Captioned web image data:
********
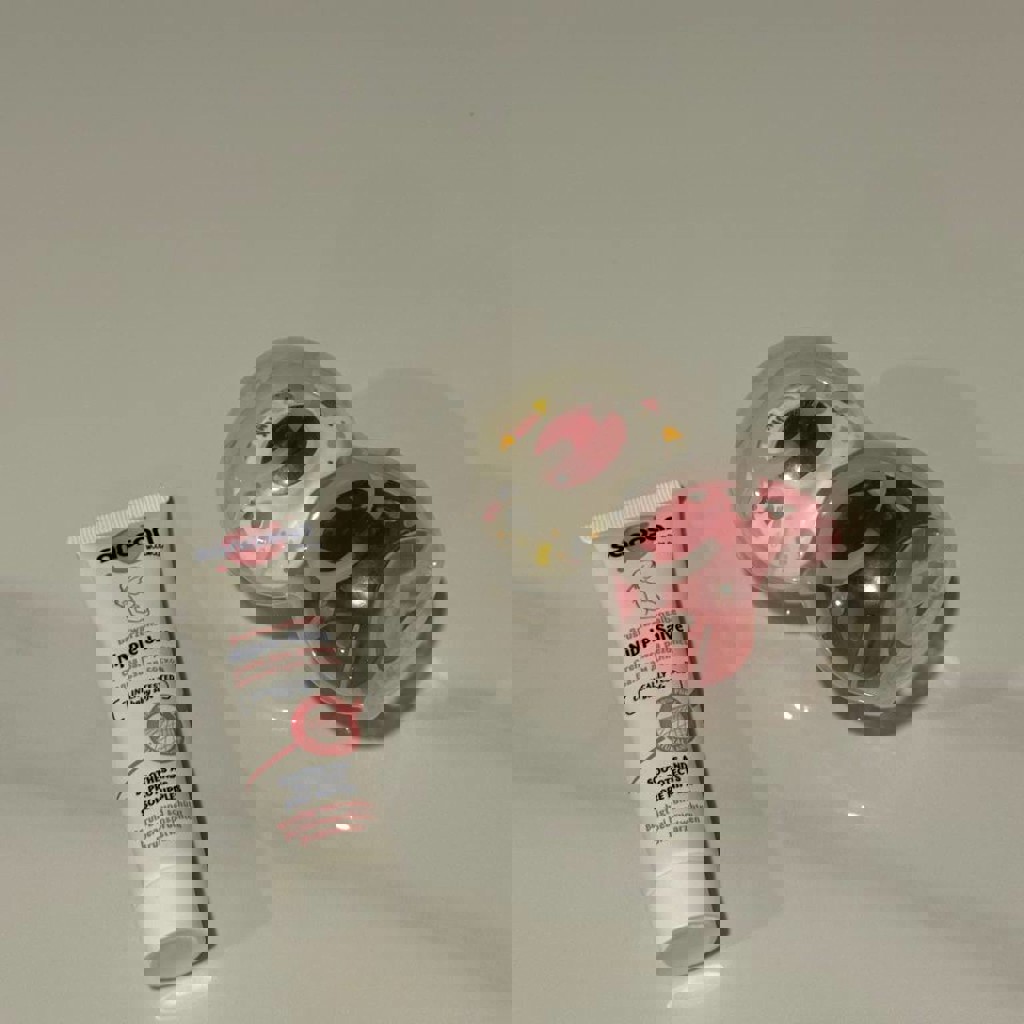 Мазь с ланолином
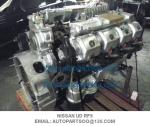 Nissan UD RF8 engine Used Motor for sale diesel engine
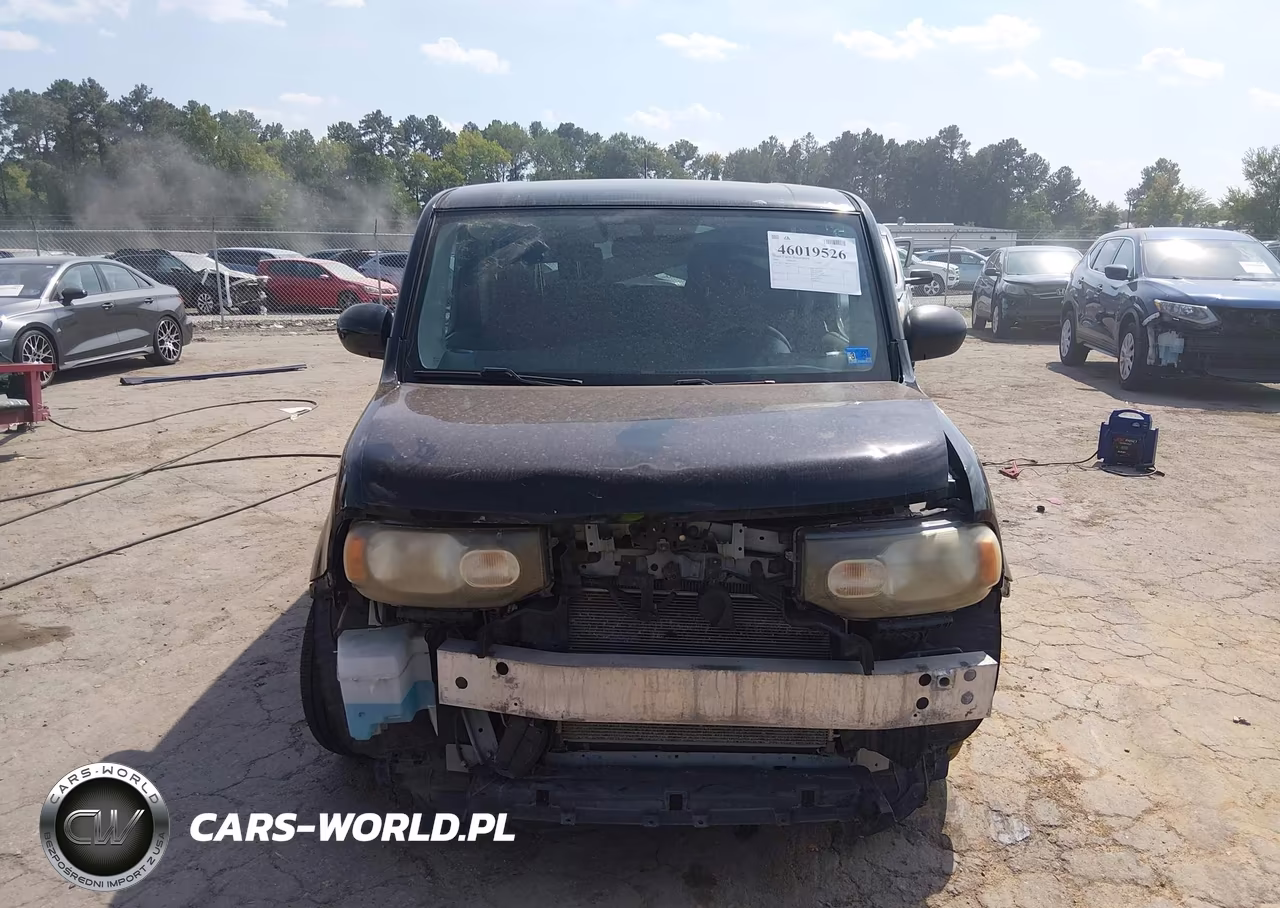 2009 Nissan Cube 1.8Sl VIN:JN8AZ28RX9T114516 - 11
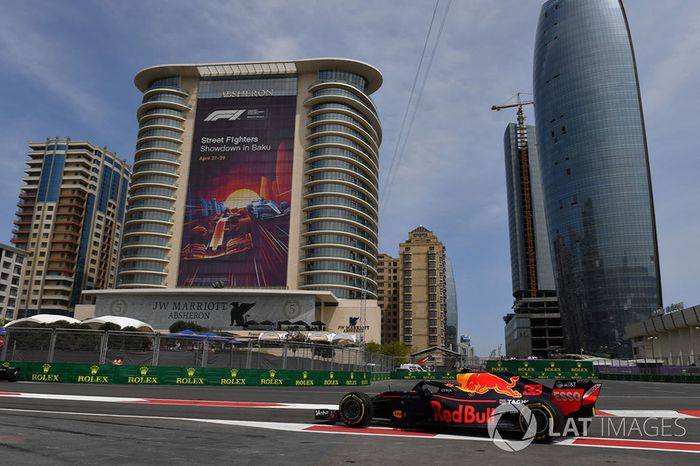 Max Verstappen, Red Bull Racing RB14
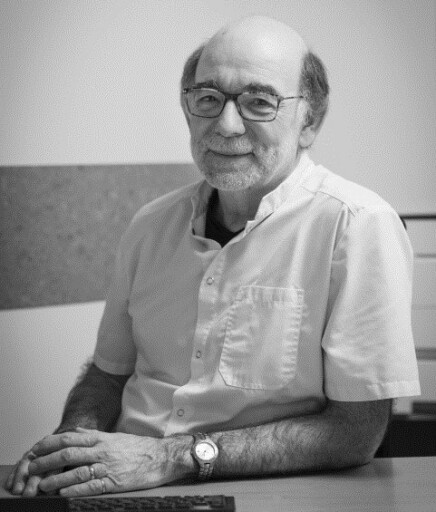 Dr Marc Vanmeerbeek, médecin généraliste à Liège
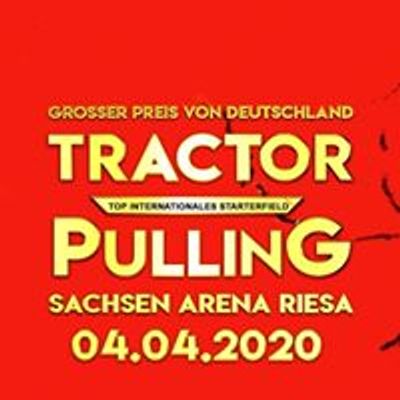 Tractor-Pulling | Deutsche Meisterschaft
********
PROBLEM TO SOLVE
Every line above is to be repeated exactly, but no picture is to appear in the copy.

RESPONSE BELOW
 Мазь с ланолином
 Nissan UD RF8 engine Used Motor for sale diesel engine
 2009 Nissan Cube 1.8Sl VIN:JN8AZ28RX9T114516 - 11
 Max Verstappen, Red Bull Racing RB14
 Dr Marc Vanmeerbeek, médecin généraliste à Liège
 Tractor-Pulling | Deutsche Meisterschaft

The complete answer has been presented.